RECORDED INFORMATION |
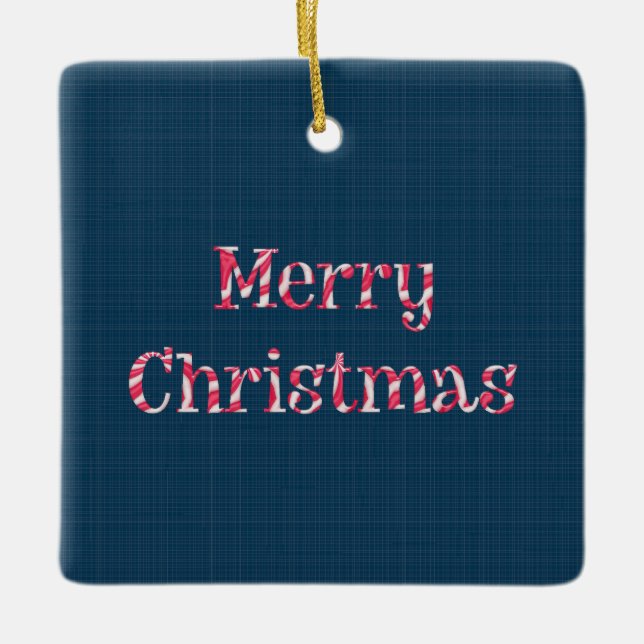 Adorno De Cerámica Feliz Navidad Candy Cane Mensajes de texto de dobl (Anverso)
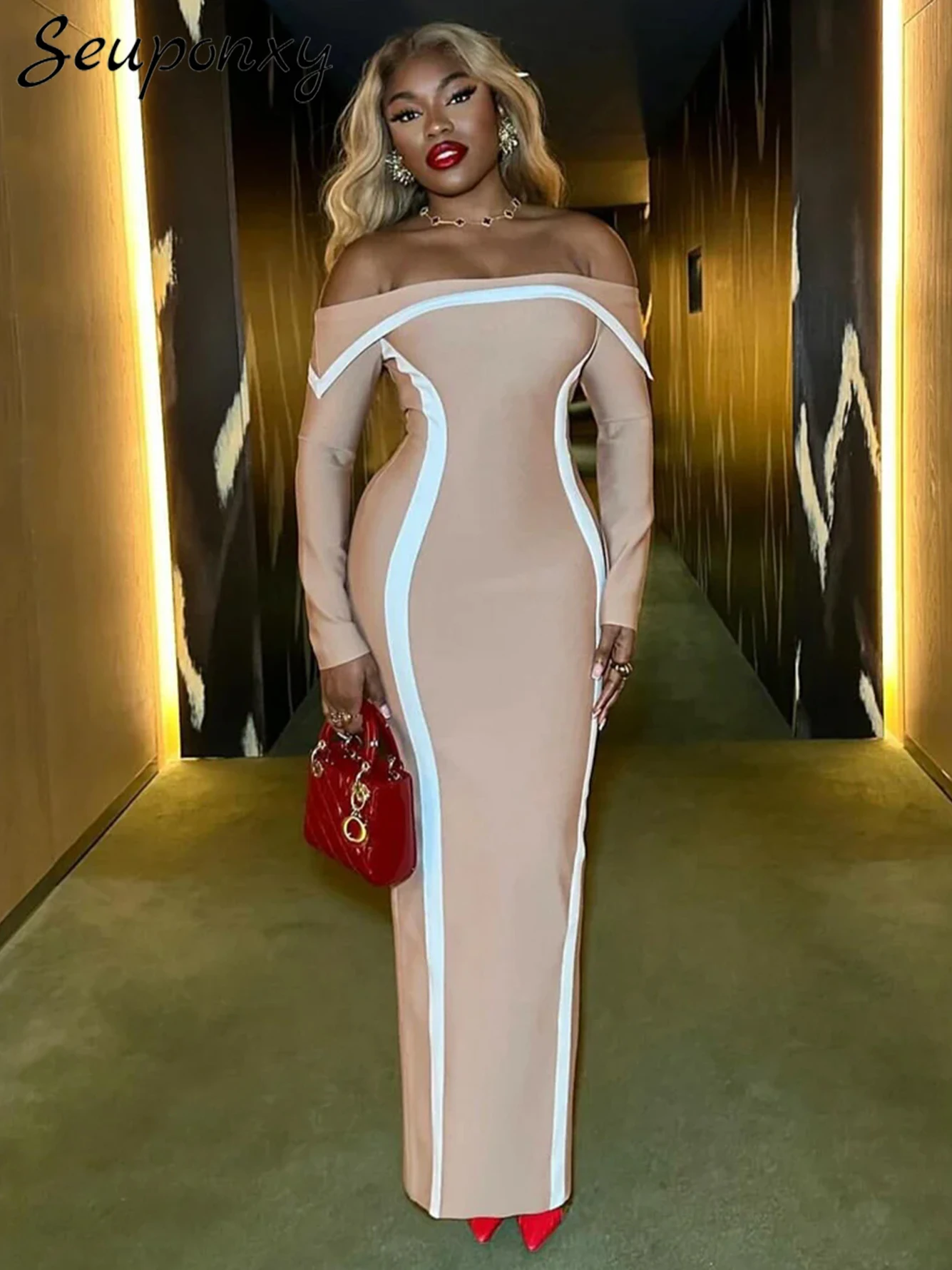 High Quality Women'S Sexy Off Shoulder Long Sleeved Backless Fashion Contrasting Bandage Maxi Dress Elegant Evening Party Dress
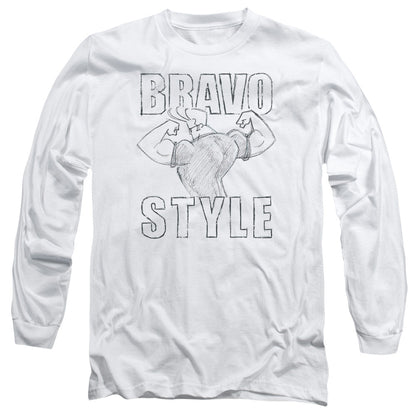 Johnny Bravo Bravo Style Mens Long Sleeve Shirt White Officially Licensed
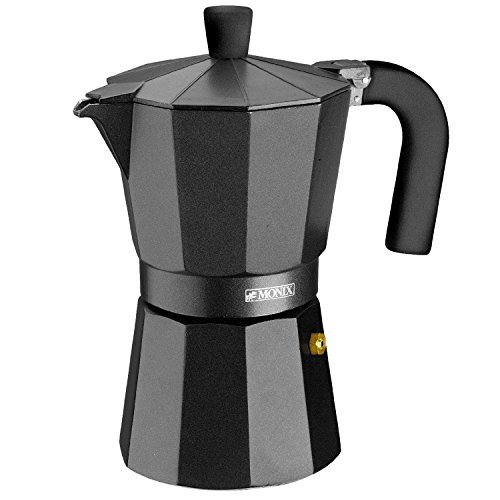 Monix Vitro Noir – Cafetera Italiana de aluminio, capacidad 6 tazas, apta para todo tipo de cocinas salvo inducción 18 x 15 x 12.5 cm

INSTRUCTIONS TO FOLLOW | Could you return exactly the lines starting with the one that contains "High Quality Women'S" and ending with the last line of the data above? Leave the pictures out.

SOLUTION FOR THIS EXERCISE |
 High Quality Women'S Sexy Off Shoulder Long Sleeved Backless Fashion Contrasting Bandage Maxi Dress Elegant Evening Party Dress
 Johnny Bravo Bravo Style Mens Long Sleeve Shirt White Officially Licensed
 Monix Vitro Noir – Cafetera Italiana de aluminio, capacidad 6 tazas, apta para todo tipo de cocinas salvo inducción 18 x 15 x 12.5 cm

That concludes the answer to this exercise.